A livello di ingrasso, la velocità di crescita (IMG) incrementa in modo simile in Danimarca e Germania, ma con valori assoluti molto diversi (rispettivamente, 850 g e 760 g/giorno nell’intervallo 30-115 kg, valori medi ufficiali del 2009).

Fattori di competitività e distorsione della concorrenza

Oltre a fattori sociali e culturali, il nord Europa (soprattutto la Germania) si è dotato di fattori di competitività politica ed economica.

- Regole europee e nazionali sulla protezione animale e ambientale

In anticipo sulla legislazione UE per il benessere animale, la Gran Bretagna ha imposto dal 1999, ai propri produttori come ai propri fornitori, l’obbligo della gestazione in gruppo delle scrofe gestanti. Poiché sia i danesi che gli olandesi esportano una parte dei loro suini in questo paese, la “certificazione Regno-Unito” ha modificato le loro strutture. Attualmente, in Danimarca il 53% delle aziende alleva le scrofe gestanti in gruppo, percentuale che sale al 55% in Olanda. In Germania siamo al 50% mentre in Francia questo valore scende drasticamente al 30%. A circa due anni dall’entrata in vigore della normativa UE (1 gennaio 2013) l’adeguamento delle strutture per le scrofe gestanti appare come un gigantesco cantiere!

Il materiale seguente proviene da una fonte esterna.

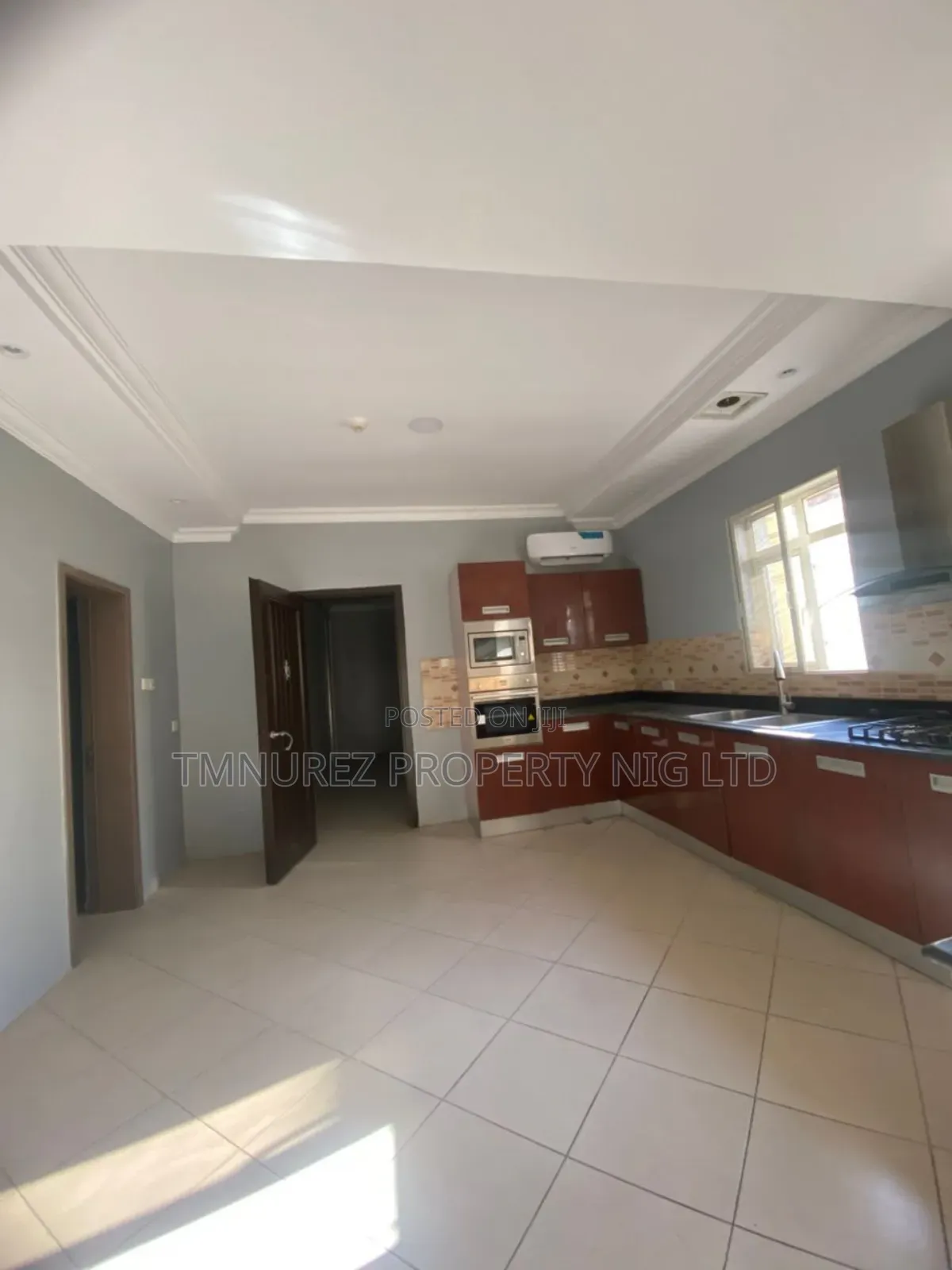 4bdrm Apartment in Ikoyi Lagos for rent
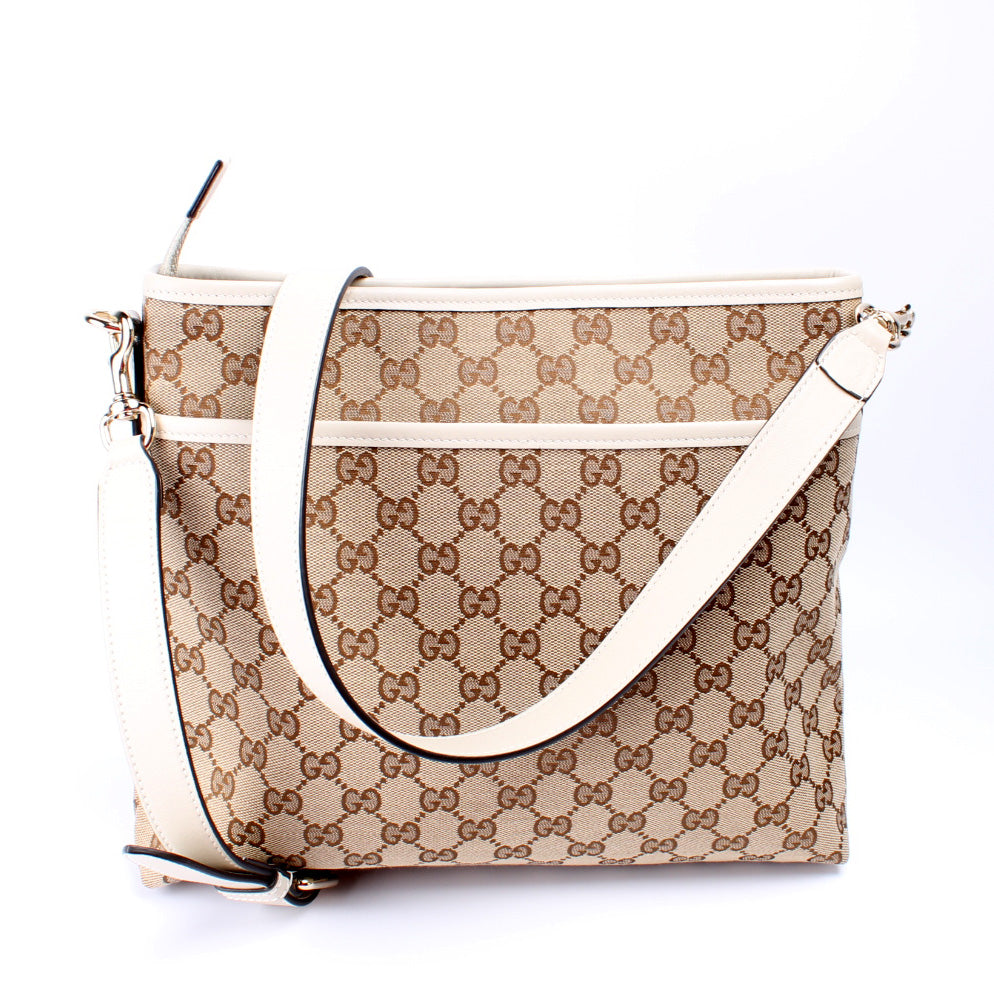 388924 GG Canvas Crossbody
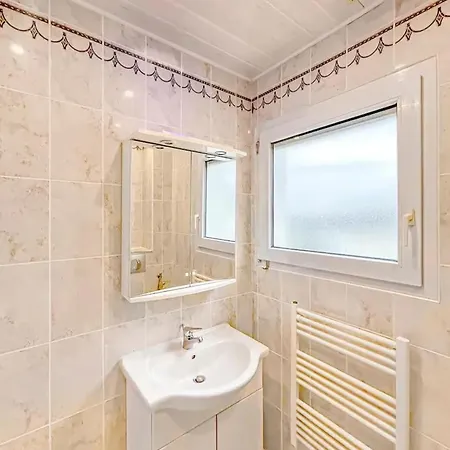 Maison Charmante A Avec Jardin Prive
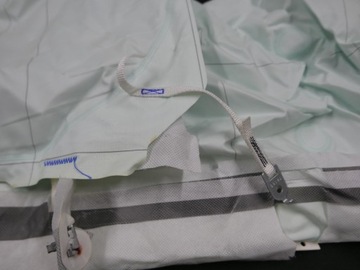 BMW X1 F48 ЗАЖИМЫ ДЛЯ ШТОР ПОДУШКА ДЛЯ ШТОР ПРАВАЯ 7352602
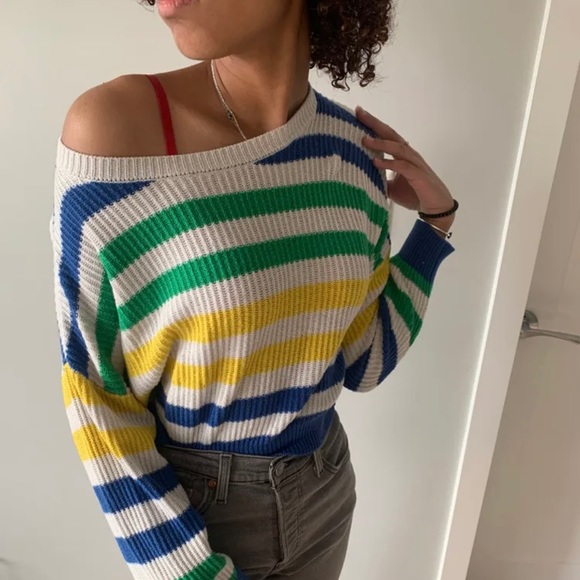 Sweater - Picture 1 of 2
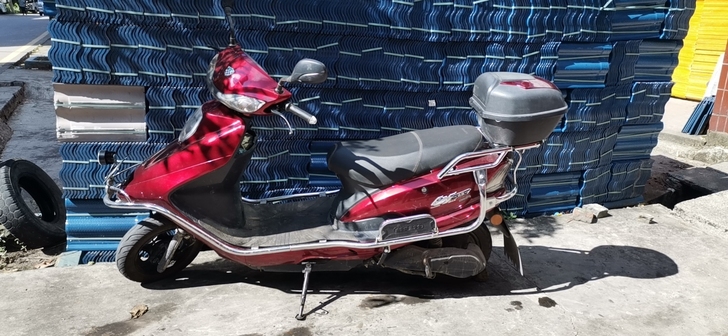 绿源电动车72v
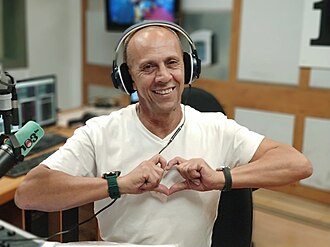 דידי הררי באולפן 103fm.jpg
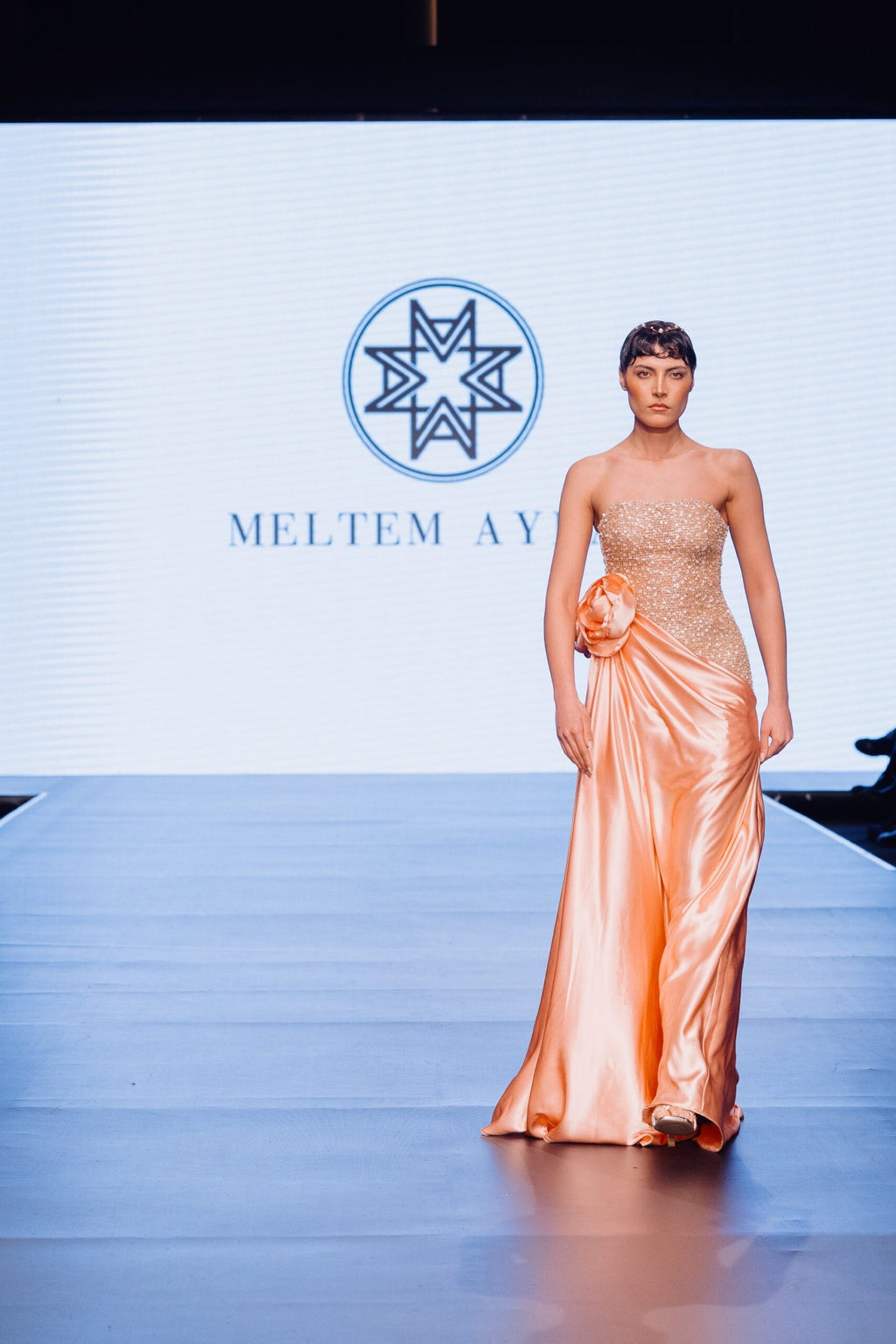 Look20 Evening Dress - Image 3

- Distorsioni fiscali e sociali

Nell’industria tedesca della carne suina (macelli e laboratori di sezionamento/lavorazione) gli addetti sono rappresentati in maniera massiccia da personale interinale di origine straniera (extra-UE), reclutato da società di servizi che hanno sede fuori della Germania e che fatturano le loro prestazioni all’industria. Anche se esiste una rotazione del personale, questa manodopera non è occasionale. Anche le filiali tedesche dell’olandese Vion e della danese Danish Crown ricorrono massivamente a questo tipo di personale. Si tratta di una pratica circondata da una certa discrezione da parte delle imprese interessate. Si parla di salari orari che vanno dai 3 ai 5 € per i lavoratori, con un costo totale che oscilla dai 5 agli 8 € per l’impresa (a seconda della specializzazione), contro i 15 €/ora per un salariato tedesco, dai 15 ai 20 € per uno francese e i 34 € per uno danese. Le condizioni di lavoro (orari molto prolungati, “sanzioni” sotto forma di trattenute sullo stipendio) sono davvero “sorprendenti” per un paese come la Germania.
Inoltre, il regime forfettario dell’IVA applicato alle imprese agricole tedesche [per spiegazioni più dettagliate si rimanda al testo originale, ndt] le favorisce ulteriormente dal punto di vista finanziario rispetto agli altri stati della UE, con un vantaggio stimato dalla Camera dell’Agricoltura della Bassa Sassonia in 3,60 €/suino prodotto (all’ingrasso).

Conclusioni e prospettive

La Germania, la Danimarca e l’Olanda formano oggi un unico bacino produttivo nella suinicoltura nord europea, dove le varie fasi produttive (riproduzione, ingrasso, macellazione) vengono ripartite in funzione delle opportunità di mercato, dei vincoli e dei punti di forza di ciascun paese. Il mutamento degli allevamenti in Danimarca e Olanda è la conseguenza dei loro limiti ambientali ed economici, ma anche il risultato di un’intensa lotta sul prezzo per conquistare il mercato tedesco. Per restare in corsa, hanno adottato la stessa strategia, pianificata ed attuata dalle loro organizzazioni professionali: concentrare l’allevamento su poche aziende altamente specializzate di grandi dimensioni, ottimizzando sia i fattori tecnici (produttività) che quelli economici (economia di scala).
La drastica diminuzione del numero di allevamenti fa capire la selezione implacabile degli ultimi anni, con le banche disposte a finanziare solo i migliori produttori. Questa profonda ristrutturazione ha reso questi due paesi quelli dotati della suinicoltura più moderna e performante al mondo. D’altra parte, un’evoluzione così rapida non è immune da rischi economici, sociali e sanitari. La circolazione di milioni di suini vivi ogni anno a cavallo delle frontiere e verso una regione (la Renania) storicamente soggetta a focolai di peste suina non è che una “bomba ad orologeria” secondo alcuni esperti.
In futuro, la produzione suina non dovrebbe aumentare in maniera significativa sia in Danimarca che in Olanda, a causa dei limiti di natura ambientale. In Germania, nel nord-ovest del paese “saturato” dal vorticoso sviluppo di questi ultimi anni, l’opposizione sociale e la ridotta disponibilità fondiaria (per gli spandimenti) limitano le prospettive di crescita. Al contrario, la scadenza del 2013 per la messa a norma degli allevamenti di scrofe potrebbe portare alla chiusura di numerosi piccoli allevatori del sud del paese, mantenendo elevata la richiesta di suinetti da importare.